§ **Material supplied**:
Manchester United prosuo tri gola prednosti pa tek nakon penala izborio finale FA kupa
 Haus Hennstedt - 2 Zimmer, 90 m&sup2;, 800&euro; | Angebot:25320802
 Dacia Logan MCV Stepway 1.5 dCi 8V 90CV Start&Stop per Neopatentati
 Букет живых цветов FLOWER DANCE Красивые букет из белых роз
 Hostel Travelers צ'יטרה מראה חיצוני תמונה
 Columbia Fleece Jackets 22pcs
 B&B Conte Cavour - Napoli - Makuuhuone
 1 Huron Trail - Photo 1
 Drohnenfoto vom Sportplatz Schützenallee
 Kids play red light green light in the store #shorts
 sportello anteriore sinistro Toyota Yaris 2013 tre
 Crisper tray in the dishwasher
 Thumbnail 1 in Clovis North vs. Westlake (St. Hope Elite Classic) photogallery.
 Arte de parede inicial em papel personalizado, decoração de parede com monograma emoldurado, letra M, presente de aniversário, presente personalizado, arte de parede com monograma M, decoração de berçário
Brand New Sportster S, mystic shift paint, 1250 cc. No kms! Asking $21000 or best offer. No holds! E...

§ **Assigned task**:
Nothing in the records may be dropped; reproduce them exactly.

§ **Task response**:
Manchester United prosuo tri gola prednosti pa tek nakon penala izborio finale FA kupa
 Haus Hennstedt - 2 Zimmer, 90 m&sup2;, 800&euro; | Angebot:25320802
 Dacia Logan MCV Stepway 1.5 dCi 8V 90CV Start&Stop per Neopatentati
 Букет живых цветов FLOWER DANCE Красивые букет из белых роз
 Hostel Travelers צ'יטרה מראה חיצוני תמונה
 Columbia Fleece Jackets 22pcs
 B&B Conte Cavour - Napoli - Makuuhuone
 1 Huron Trail - Photo 1
 Drohnenfoto vom Sportplatz Schützenallee
 Kids play red light green light in the store #shorts
 sportello anteriore sinistro Toyota Yaris 2013 tre
 Crisper tray in the dishwasher
 Thumbnail 1 in Clovis North vs. Westlake (St. Hope Elite Classic) photogallery.
 Arte de parede inicial em papel personalizado, decoração de parede com monograma emoldurado, letra M, presente de aniversário, presente personalizado, arte de parede com monograma M, decoração de berçário
Brand New Sportster S, mystic shift paint, 1250 cc. No kms! Asking $21000 or best offer. No holds! E...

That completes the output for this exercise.